What is portfolio diversification and how can it reduce risk?

In general, the movements of stocks and bonds and commodities and real estate are not strongly correlated. Just because the stock market is down doesn't mean the real estate market will be down. In general, the returns on these investment classes are independent of each other. By putting some money into each class, you're able to reduce your risk while theoretically maintaining your return on investment.

This might sound complicated, but it's not. Think of it this way: If I ask you to bet $100 on the flip of a coin, and promise to give you $220 if you make the right call, but I get to keep the $100 if you lose, you would probably refuse. The risk is too high. But if I asked you to agree to stake $100 on each of ten similar coin tosses, would you do it? I suspect you might. Your expected rate of return is still the same (10%), but your risk is significantly reduced.
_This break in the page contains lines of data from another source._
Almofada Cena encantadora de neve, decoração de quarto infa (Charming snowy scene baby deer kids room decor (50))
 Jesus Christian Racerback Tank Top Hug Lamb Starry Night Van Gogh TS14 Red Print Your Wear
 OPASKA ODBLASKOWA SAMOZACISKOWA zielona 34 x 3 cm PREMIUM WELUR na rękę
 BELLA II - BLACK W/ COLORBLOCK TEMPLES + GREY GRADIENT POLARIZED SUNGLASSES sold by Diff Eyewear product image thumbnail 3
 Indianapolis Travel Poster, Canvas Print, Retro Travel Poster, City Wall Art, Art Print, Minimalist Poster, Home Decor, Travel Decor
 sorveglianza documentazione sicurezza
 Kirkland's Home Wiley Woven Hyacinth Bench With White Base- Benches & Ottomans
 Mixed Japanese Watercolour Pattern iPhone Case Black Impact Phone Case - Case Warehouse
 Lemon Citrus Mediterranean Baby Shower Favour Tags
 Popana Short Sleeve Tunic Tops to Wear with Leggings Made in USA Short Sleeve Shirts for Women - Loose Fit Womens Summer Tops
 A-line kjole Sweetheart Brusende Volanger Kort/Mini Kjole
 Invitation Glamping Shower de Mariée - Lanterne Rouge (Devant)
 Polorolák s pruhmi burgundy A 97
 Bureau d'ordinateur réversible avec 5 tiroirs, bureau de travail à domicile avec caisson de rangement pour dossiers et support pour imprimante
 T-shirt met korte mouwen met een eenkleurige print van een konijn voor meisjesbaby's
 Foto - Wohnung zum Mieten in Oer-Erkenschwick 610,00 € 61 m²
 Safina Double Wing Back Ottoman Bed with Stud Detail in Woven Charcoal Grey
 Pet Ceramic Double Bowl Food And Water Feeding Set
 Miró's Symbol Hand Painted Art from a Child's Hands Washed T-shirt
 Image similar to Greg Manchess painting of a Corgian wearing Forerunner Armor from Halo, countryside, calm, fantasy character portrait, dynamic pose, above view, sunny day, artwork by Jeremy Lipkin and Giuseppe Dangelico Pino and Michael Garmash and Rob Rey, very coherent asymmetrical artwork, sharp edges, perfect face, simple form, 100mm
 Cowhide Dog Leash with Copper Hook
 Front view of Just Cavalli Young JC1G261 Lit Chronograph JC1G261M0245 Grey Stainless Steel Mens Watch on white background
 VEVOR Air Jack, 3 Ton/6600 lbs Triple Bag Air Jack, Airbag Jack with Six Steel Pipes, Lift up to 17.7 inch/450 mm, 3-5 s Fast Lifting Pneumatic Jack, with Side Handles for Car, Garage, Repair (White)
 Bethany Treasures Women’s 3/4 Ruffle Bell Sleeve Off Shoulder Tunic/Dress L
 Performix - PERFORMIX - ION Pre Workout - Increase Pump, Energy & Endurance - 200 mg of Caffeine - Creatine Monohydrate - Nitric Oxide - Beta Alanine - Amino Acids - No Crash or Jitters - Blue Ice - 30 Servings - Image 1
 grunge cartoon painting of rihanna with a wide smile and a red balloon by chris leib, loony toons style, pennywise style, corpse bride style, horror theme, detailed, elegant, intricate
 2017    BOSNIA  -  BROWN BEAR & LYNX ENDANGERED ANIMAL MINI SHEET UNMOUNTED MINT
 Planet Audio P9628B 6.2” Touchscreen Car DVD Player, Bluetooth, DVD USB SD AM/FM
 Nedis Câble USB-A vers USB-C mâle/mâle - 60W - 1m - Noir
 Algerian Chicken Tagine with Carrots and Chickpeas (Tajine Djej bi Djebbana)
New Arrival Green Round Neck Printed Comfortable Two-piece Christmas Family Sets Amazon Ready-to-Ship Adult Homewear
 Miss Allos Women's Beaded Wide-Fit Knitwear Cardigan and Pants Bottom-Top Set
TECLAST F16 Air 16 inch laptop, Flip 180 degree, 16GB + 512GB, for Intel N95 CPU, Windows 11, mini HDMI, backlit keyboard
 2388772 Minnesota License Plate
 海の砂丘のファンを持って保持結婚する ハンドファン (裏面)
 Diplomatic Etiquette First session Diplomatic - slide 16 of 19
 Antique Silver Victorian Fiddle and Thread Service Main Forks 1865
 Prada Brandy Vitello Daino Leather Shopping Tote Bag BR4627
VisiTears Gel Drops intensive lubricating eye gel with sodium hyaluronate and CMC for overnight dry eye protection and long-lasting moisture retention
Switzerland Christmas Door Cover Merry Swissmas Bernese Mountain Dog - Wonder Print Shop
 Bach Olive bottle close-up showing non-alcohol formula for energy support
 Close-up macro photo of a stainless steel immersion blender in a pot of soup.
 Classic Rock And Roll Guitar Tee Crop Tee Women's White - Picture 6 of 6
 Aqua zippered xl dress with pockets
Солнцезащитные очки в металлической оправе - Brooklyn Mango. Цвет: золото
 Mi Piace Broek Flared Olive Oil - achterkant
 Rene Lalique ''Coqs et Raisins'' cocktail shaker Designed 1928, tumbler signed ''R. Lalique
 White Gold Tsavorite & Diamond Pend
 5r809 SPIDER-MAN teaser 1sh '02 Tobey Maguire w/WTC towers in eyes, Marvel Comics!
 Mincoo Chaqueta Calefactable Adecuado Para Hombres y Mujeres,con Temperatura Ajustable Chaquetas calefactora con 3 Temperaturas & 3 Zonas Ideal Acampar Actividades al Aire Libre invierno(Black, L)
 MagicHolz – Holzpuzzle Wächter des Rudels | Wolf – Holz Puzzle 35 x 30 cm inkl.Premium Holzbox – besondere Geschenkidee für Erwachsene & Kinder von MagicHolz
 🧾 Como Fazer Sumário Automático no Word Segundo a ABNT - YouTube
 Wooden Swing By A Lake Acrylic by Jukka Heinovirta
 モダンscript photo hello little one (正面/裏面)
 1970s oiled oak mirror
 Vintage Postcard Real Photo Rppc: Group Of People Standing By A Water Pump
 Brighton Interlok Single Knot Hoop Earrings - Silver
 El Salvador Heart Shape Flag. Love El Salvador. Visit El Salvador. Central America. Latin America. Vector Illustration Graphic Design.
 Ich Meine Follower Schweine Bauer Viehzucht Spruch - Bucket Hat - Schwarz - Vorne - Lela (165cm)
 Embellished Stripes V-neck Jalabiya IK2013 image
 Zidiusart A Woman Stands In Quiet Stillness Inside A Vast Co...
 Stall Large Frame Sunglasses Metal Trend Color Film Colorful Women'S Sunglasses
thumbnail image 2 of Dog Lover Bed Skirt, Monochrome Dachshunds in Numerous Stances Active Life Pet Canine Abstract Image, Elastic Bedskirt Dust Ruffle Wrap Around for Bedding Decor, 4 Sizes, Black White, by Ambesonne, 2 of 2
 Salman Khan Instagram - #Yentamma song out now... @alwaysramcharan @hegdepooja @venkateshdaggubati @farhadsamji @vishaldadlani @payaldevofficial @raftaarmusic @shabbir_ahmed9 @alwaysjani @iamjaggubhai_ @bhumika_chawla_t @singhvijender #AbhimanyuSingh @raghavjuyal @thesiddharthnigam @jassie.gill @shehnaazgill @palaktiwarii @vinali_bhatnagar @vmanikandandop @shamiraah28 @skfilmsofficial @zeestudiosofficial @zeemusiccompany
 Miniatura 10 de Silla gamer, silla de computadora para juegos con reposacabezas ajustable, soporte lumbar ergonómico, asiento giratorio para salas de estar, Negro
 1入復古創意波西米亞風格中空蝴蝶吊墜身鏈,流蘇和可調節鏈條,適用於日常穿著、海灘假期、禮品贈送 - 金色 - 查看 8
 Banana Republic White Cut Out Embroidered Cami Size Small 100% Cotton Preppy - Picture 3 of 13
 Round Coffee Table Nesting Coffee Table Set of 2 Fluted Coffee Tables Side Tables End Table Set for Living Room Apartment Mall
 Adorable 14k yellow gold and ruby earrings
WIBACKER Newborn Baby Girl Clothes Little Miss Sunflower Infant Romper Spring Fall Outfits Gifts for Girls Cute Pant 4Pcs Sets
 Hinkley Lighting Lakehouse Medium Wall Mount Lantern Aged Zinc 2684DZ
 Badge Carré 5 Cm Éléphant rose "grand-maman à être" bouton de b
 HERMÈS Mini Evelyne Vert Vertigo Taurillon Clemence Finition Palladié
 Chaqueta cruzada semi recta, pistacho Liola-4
That is the power of diversification. Each coin flip is like owning an individual stock. Buy owning more stocks, you can maintain a similar rate of return while decreasing your risk. (Note that you also reduce your potential gains, however.)

You can diversify your investments simply by adding a couple funds to your portfolio. You might put 10% of your money into a bond fund, for example, and 10% into a real estate investment trust (which is like a mutual fund for real estate). In the same way that it's better to own more than one stock, it's also better to own more than just stocks.

The two best discussions of diversification I've found are in:

These are both great books for beginning investors. They're not technical, and they approach the subject with the average person in mind. Both of them note that there are several ways to approach diversification, including:

  • Diversification among stocks. “If you want to take some extra money and gamble it on some high-flying biotech stock, go ahead,” Malkiel writes. “But for your serious retirement money, don't buy individual stocks — buy mutual funds.” In particular, he recommends a portfolio of index funds.
  • Diversification among asset classes. In Investing 101, Kristof spends 32 pages discussing the importance of diversification, exploring different asset classes in detail. She discusses investing for safety (with cash or cash equivalents), investing for income (with certificates of deposit, Treasury bonds, REITs, etc.), investing for growth (with stocks and mutual funds), and investments that protect you from inflation (such as precious metals). She discusses the pros and cons of each class, and explains why the ideal portfolio has a little of each.
  • Diversification over time. Many investors practice dollar-cost averaging as a means to mitigate risk. (Though most of us dollar-cost average because we don't have huge lump sums to invest.) Malkiel writes, “Periodic investments of equal dollar amounts in common stocks can reduce (but not avoid) the risks of equity investment by ensuring that the entire portfolio of stocks will not be purchased at temporarily inflated prices.” (Please note that dollar-cost averaging has critics with valid points.)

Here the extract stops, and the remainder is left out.